*** Records for the task ***
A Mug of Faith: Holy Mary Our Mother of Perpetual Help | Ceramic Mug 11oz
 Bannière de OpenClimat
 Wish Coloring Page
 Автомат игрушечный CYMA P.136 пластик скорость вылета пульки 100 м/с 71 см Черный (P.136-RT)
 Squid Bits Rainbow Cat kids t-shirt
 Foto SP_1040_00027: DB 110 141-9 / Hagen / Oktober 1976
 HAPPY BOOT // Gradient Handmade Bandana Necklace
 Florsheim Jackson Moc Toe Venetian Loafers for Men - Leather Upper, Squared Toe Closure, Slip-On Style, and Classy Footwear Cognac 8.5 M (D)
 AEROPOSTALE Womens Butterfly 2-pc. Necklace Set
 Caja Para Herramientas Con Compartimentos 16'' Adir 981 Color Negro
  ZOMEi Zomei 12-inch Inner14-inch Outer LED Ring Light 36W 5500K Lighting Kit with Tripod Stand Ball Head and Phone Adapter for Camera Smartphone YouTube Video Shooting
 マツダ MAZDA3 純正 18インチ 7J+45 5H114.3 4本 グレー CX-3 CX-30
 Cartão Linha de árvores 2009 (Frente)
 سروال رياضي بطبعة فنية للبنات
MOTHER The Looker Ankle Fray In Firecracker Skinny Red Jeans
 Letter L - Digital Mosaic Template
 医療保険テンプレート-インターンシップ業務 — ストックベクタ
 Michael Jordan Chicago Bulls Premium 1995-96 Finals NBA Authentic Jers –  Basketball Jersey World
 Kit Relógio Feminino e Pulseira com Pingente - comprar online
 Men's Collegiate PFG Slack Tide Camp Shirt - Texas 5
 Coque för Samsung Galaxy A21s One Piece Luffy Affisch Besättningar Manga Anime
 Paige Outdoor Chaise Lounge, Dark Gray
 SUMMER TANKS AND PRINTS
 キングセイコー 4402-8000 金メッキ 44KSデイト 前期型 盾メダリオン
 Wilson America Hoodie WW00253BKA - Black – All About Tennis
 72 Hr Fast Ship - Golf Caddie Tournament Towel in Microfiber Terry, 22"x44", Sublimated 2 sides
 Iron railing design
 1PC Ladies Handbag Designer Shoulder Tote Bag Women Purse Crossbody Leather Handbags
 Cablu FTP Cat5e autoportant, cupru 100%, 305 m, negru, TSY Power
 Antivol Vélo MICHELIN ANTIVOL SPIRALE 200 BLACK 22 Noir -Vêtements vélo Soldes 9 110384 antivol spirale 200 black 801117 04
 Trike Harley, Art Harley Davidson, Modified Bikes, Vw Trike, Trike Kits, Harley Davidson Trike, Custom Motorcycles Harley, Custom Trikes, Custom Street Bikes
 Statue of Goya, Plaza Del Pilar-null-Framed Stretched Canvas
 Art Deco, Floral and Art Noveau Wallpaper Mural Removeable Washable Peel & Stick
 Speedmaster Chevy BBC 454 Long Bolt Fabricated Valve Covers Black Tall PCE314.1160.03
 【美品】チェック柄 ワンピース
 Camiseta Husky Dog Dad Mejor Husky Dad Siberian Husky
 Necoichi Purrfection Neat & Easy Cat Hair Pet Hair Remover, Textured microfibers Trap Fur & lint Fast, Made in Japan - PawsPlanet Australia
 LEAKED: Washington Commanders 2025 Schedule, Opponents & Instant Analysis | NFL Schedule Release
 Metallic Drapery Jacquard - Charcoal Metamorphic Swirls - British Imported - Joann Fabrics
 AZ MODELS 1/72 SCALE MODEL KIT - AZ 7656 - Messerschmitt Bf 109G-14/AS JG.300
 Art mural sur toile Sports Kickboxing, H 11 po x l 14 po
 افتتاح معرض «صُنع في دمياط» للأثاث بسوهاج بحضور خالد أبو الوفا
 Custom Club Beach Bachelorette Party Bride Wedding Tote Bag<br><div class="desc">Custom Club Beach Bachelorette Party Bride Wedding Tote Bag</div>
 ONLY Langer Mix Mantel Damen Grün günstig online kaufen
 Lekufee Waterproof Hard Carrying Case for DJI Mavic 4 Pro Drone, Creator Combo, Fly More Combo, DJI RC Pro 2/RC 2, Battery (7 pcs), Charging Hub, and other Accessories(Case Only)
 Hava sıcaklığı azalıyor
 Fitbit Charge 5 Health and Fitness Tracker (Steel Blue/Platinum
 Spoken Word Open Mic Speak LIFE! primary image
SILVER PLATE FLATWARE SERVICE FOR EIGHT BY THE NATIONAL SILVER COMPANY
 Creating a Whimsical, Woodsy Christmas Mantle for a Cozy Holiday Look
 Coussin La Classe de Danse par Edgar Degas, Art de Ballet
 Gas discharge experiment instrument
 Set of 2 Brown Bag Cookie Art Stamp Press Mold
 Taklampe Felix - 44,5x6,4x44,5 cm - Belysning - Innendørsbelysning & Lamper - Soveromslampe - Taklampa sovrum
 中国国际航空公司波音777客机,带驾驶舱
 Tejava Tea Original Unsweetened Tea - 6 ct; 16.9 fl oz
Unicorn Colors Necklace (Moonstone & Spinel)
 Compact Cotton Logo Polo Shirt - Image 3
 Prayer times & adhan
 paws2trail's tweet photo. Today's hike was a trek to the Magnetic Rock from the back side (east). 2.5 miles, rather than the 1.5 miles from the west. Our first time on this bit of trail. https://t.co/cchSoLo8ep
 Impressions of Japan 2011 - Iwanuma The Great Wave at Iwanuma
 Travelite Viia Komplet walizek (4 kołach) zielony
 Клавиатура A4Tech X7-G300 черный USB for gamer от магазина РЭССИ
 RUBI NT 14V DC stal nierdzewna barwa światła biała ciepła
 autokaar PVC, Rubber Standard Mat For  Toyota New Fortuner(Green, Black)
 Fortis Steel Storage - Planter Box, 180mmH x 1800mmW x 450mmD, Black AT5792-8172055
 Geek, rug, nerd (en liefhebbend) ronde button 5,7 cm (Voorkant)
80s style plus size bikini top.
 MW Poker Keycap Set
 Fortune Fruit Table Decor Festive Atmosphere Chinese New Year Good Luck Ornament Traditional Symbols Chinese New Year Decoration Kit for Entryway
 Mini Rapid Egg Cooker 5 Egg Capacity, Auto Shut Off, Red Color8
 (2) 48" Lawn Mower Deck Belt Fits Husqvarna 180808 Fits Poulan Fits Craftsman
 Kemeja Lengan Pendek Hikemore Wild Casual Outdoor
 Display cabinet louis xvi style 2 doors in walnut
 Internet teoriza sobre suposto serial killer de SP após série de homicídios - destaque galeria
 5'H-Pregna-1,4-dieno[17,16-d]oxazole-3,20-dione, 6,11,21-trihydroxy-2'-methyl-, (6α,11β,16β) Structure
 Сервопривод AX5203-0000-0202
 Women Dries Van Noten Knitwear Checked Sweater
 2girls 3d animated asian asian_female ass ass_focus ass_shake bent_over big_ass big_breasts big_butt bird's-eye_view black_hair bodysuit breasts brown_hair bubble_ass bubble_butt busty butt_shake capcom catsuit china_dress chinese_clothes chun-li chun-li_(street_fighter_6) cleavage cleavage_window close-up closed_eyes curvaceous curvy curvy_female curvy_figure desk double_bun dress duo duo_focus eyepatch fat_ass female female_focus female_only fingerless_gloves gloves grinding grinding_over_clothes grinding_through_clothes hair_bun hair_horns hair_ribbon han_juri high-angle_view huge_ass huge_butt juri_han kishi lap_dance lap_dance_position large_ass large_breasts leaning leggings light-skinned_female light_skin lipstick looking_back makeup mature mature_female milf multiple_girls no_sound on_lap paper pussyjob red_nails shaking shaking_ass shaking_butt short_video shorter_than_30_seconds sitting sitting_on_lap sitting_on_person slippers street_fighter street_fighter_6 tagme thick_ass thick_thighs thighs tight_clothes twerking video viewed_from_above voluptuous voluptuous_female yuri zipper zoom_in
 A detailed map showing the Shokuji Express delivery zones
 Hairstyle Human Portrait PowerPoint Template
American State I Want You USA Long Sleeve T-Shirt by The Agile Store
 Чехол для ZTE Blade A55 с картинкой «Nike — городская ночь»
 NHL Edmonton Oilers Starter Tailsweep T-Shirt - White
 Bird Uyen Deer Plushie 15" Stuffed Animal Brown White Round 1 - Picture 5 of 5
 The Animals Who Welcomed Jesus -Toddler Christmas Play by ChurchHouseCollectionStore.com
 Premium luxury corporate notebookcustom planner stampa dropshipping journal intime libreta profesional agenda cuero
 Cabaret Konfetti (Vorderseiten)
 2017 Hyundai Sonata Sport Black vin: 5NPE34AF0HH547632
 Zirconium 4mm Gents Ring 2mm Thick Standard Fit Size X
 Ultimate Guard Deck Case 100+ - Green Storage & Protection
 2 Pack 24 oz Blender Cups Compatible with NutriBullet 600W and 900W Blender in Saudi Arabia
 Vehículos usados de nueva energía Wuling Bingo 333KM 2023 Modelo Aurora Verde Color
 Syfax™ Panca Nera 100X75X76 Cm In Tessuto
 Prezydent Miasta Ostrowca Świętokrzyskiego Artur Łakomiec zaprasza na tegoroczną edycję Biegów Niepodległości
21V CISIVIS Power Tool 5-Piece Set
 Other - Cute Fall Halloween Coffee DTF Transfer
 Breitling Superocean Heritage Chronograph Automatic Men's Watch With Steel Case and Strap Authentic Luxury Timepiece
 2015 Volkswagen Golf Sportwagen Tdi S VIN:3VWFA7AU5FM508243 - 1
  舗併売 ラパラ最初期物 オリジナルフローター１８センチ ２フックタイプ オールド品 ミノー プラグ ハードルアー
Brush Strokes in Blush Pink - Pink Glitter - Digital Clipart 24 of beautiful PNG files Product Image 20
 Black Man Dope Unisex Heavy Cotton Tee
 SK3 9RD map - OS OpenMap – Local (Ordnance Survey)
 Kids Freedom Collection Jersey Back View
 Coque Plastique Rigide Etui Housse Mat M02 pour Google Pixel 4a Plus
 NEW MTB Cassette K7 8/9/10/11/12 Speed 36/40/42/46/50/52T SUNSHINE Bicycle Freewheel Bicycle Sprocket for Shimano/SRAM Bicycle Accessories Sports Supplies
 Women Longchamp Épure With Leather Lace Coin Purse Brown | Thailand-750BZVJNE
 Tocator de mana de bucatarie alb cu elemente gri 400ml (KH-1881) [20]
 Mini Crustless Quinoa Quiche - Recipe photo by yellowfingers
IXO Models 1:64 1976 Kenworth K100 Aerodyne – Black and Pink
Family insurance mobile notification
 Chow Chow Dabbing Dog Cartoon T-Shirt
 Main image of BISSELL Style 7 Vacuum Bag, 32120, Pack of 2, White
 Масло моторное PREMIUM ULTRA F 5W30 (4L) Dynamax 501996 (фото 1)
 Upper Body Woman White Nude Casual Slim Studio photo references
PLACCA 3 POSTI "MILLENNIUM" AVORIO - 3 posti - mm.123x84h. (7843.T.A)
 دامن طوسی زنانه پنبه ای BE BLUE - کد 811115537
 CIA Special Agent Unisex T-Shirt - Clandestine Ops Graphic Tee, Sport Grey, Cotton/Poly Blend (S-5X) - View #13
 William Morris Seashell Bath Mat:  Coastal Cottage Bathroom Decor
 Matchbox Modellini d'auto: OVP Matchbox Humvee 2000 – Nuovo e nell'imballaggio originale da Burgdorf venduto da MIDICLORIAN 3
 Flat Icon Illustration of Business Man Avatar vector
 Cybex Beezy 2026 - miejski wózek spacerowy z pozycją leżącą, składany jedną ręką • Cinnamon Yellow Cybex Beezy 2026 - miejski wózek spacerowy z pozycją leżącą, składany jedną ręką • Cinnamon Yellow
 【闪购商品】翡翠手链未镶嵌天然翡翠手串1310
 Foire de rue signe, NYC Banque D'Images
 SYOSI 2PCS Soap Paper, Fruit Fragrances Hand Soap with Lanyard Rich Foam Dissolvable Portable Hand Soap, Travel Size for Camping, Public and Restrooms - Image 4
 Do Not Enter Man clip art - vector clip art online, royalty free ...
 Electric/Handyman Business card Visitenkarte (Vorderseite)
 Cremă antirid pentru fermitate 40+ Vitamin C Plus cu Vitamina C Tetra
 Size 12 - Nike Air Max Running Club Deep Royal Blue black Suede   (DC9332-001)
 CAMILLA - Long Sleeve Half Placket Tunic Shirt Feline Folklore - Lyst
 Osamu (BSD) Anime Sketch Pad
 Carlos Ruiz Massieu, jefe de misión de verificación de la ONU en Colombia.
*** End of Records for the task ***
Your assignment
Once you find the line with "Wish Coloring Page" in the entries above, output it and each line after it up to and including the line with "Iron railing design", and nothing else.

Answer box
 Wish Coloring Page
 Автомат игрушечный CYMA P.136 пластик скорость вылета пульки 100 м/с 71 см Черный (P.136-RT)
 Squid Bits Rainbow Cat kids t-shirt
 Foto SP_1040_00027: DB 110 141-9 / Hagen / Oktober 1976
 HAPPY BOOT // Gradient Handmade Bandana Necklace
 Florsheim Jackson Moc Toe Venetian Loafers for Men - Leather Upper, Squared Toe Closure, Slip-On Style, and Classy Footwear Cognac 8.5 M (D)
 AEROPOSTALE Womens Butterfly 2-pc. Necklace Set
 Caja Para Herramientas Con Compartimentos 16'' Adir 981 Color Negro
  ZOMEi Zomei 12-inch Inner14-inch Outer LED Ring Light 36W 5500K Lighting Kit with Tripod Stand Ball Head and Phone Adapter for Camera Smartphone YouTube Video Shooting
 マツダ MAZDA3 純正 18インチ 7J+45 5H114.3 4本 グレー CX-3 CX-30
 Cartão Linha de árvores 2009 (Frente)
 سروال رياضي بطبعة فنية للبنات
MOTHER The Looker Ankle Fray In Firecracker Skinny Red Jeans
 Letter L - Digital Mosaic Template
 医療保険テンプレート-インターンシップ業務 — ストックベクタ
 Michael Jordan Chicago Bulls Premium 1995-96 Finals NBA Authentic Jers –  Basketball Jersey World
 Kit Relógio Feminino e Pulseira com Pingente - comprar online
 Men's Collegiate PFG Slack Tide Camp Shirt - Texas 5
 Coque för Samsung Galaxy A21s One Piece Luffy Affisch Besättningar Manga Anime
 Paige Outdoor Chaise Lounge, Dark Gray
 SUMMER TANKS AND PRINTS
 キングセイコー 4402-8000 金メッキ 44KSデイト 前期型 盾メダリオン
 Wilson America Hoodie WW00253BKA - Black – All About Tennis
 72 Hr Fast Ship - Golf Caddie Tournament Towel in Microfiber Terry, 22"x44", Sublimated 2 sides
 Iron railing design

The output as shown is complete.